__Try it__: Lines holding the string "minus" in the listing below are to be copied.

▬▬▬▬▬▬

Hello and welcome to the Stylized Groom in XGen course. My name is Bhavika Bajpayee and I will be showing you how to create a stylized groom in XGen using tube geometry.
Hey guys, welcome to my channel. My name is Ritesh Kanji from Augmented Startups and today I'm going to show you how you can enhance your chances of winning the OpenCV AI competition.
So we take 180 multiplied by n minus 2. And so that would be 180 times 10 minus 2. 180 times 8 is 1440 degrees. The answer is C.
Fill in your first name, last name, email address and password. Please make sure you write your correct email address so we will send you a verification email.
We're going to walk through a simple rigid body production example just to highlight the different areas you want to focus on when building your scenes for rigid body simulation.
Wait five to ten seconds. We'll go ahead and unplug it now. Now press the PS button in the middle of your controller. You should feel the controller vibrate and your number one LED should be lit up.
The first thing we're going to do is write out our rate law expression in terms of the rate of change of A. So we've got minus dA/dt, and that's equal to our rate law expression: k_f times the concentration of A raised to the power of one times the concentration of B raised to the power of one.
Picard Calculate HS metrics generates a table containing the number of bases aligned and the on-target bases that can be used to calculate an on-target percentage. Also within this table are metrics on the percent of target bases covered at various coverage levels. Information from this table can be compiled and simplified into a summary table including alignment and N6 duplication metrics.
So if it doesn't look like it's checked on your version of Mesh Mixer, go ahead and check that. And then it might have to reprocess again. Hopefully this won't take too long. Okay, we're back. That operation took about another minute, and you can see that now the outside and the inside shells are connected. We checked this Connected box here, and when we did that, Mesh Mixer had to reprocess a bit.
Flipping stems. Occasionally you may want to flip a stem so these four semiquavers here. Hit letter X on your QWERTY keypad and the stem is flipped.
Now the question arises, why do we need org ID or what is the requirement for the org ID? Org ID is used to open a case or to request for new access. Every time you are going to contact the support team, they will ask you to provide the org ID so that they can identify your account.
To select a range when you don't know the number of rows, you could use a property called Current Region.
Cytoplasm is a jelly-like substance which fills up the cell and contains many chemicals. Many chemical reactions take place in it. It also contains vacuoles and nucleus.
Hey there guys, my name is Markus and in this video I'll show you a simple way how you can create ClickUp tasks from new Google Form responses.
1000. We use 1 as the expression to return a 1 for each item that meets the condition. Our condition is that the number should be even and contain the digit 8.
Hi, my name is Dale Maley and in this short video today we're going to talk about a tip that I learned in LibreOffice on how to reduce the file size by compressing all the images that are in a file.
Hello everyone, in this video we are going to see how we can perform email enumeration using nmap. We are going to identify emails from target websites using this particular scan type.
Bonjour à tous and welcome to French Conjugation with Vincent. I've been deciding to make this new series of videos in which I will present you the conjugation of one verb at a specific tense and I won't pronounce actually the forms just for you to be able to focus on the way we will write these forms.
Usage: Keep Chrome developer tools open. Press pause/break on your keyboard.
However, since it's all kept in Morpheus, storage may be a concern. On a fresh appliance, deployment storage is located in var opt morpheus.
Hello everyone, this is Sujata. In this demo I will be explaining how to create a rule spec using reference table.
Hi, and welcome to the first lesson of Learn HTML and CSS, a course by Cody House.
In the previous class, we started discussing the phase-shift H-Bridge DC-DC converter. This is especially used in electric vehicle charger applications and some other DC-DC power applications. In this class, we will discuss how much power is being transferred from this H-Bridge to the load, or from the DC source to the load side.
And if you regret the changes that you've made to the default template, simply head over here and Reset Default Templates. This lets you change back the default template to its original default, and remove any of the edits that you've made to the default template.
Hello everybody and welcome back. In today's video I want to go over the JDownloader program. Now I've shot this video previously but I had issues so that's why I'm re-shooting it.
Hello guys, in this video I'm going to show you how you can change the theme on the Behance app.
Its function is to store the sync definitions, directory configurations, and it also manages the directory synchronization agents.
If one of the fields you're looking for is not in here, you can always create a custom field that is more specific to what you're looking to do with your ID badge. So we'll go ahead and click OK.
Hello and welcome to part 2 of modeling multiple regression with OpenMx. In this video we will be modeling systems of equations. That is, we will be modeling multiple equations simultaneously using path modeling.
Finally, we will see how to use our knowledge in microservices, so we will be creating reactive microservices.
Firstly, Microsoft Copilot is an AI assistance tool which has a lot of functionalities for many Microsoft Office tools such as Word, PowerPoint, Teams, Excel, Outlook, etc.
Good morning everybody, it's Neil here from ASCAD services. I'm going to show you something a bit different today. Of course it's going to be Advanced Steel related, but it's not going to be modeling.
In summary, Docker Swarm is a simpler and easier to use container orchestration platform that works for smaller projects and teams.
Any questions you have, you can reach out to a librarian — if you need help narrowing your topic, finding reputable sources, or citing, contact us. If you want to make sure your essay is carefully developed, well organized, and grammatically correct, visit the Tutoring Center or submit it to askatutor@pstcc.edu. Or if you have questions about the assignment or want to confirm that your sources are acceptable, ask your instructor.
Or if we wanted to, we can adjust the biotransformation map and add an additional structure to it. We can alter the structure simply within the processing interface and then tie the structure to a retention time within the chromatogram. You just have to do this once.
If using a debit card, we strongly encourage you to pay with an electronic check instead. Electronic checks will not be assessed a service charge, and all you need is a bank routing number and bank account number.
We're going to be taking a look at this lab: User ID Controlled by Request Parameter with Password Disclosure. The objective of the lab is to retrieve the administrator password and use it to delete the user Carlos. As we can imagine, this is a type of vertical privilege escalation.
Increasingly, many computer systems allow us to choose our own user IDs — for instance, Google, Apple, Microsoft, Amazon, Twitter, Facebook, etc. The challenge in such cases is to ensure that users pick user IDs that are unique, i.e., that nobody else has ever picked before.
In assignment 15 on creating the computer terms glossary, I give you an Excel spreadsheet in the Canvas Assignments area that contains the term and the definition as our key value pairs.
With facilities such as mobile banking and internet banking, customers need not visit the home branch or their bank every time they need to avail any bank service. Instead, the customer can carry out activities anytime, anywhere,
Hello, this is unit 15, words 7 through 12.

▬▬▬▬▬▬

__Response for this exercise__:
So we take 180 multiplied by n minus 2. And so that would be 180 times 10 minus 2. 180 times 8 is 1440 degrees. The answer is C.
The first thing we're going to do is write out our rate law expression in terms of the rate of change of A. So we've got minus dA/dt, and that's equal to our rate law expression: k_f times the concentration of A raised to the power of one times the concentration of B raised to the power of one.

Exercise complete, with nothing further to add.